In the tradition of the oratorio, pyrotechnics are not provided, but the soloists took advantage of the emotional extremes in their parts.
The one moment of humor comes after the chorus representing the apostates pleads with God to bring rain in a reverse Noah moment. When they complain that God is not listening, Elijah suggests they sing louder.
There is a delicious scene in which Elijah asks a young boy to look for the coming rain. Ryan Williams, a boy soprano, is multi-talented, a swimmer, comic artist and ballet dancer as well as a winger. He sang with eager anticipation for relief from the drought. "There is nothing. The heavens are as brass above me!", "The earth is as iron under me!" "No, there is nothing." and finally, "Behold, a little cloud ariseth now from the waters; it is like a man's hand! The heavens are black with clouds and with wind: the storm rusheth louder and louder."

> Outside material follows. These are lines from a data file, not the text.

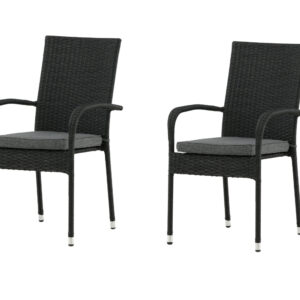 Anna – Chaise de salle à manger – Noir – 64 x 95 x 55 cm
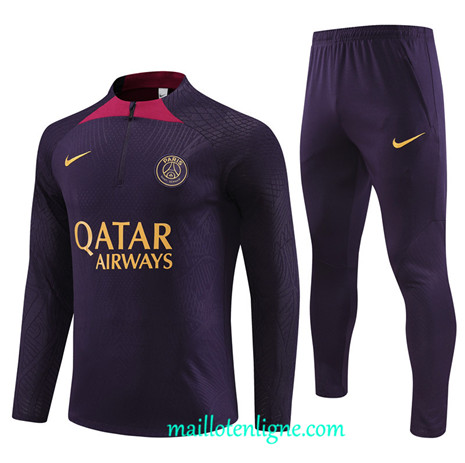 Thai Maillot Ensemble Paris Saint-Germain Player Survetement 2023 2024 Violet ML0493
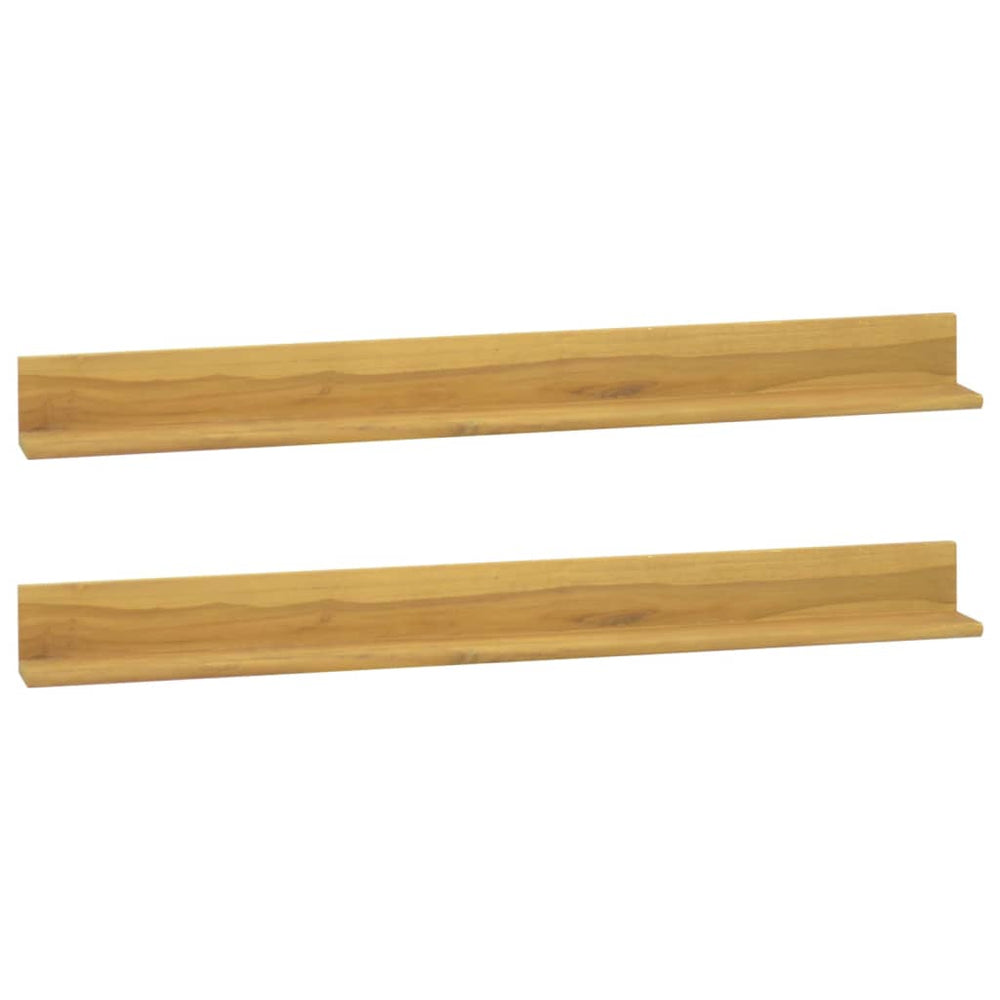 vidaXL Étagères murales 2 pcs 110x10x10 cm Bois de teck massif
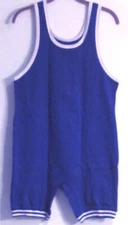 MatMan Singlet-Wrestling/Lifting/MMA Royal Blue with White trim Size XL (LU)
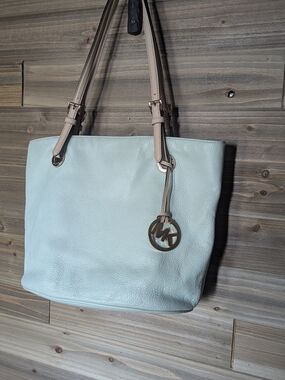 Michael Kors Mint Leather Tote Bag with Tan Straps
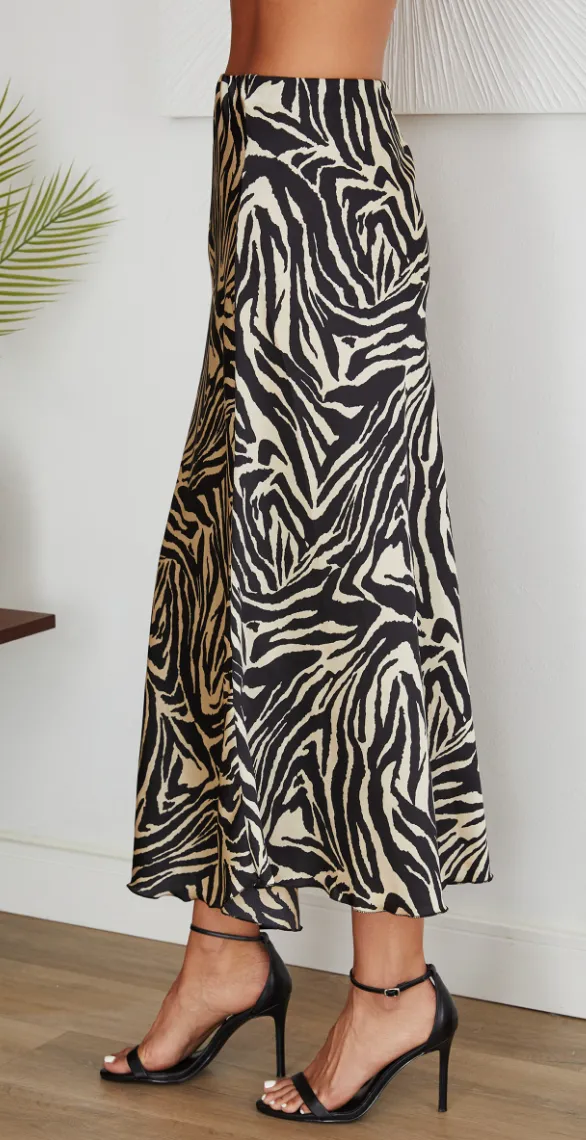 Zebra Print Maxi Skirt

This operatic gem of a scene draws from many different Biblical books: To give some sense of how hard Mendelssohn worked to develop a dramatic arc, here are the books from which the rain scene is woven: Jeremiah 14:22, 2 Chronicle 6:27,1 Kings 18:43, Deuteronomy 28:23, 2 Chronicles 6:26,27, 1 Kings 18:41, Psalm 28, 1, 1 Kings 18, 44,45; Psalm 106,2, and finally Psalm 93, 4. "The stormy billows are high; their fury is mighty. But the Lord is above them and Almighty!"
On the simplest level the Oratorio is unified through a network of recurring motifs. Two in particular, a rising triadic figure and a series of interlocking tritones, are used to identify the prophet Elijah and the catastrophic drought. On a second level, Mendelssohn stitches together several numbers to form larger complexes of through-composed music. The musical structure of Elijah is the largest Mendelssohn ever tried.
This oratorio has legs. Prince Albert pronounced Mendelssohn a second Elijah. Jenny Lind sang soprano in Elijah at a fundraiser for the Leipzig Conservatory Scholarship. (Mendelssohn had written one aria in B-F# with her in mind. F# was her favorite note.) The first winner of the scholarship was 16-year-old Arthur Sullivan, long before he was a gleam in the eye of Gilbert. George Bernard Shaw chimed in that Mendelssohn was an oratorio monger.
The modern Jerusalem Oratorio Choir has performed Elijah several times, most recently as part of a joint project with the choir and orchestra of the Christlichen Musik-und-Kunstakademie of Stuttgart. They perform in both Israel and Germany.
This is a perfect oratorio for joint Passover and Easter celebrations.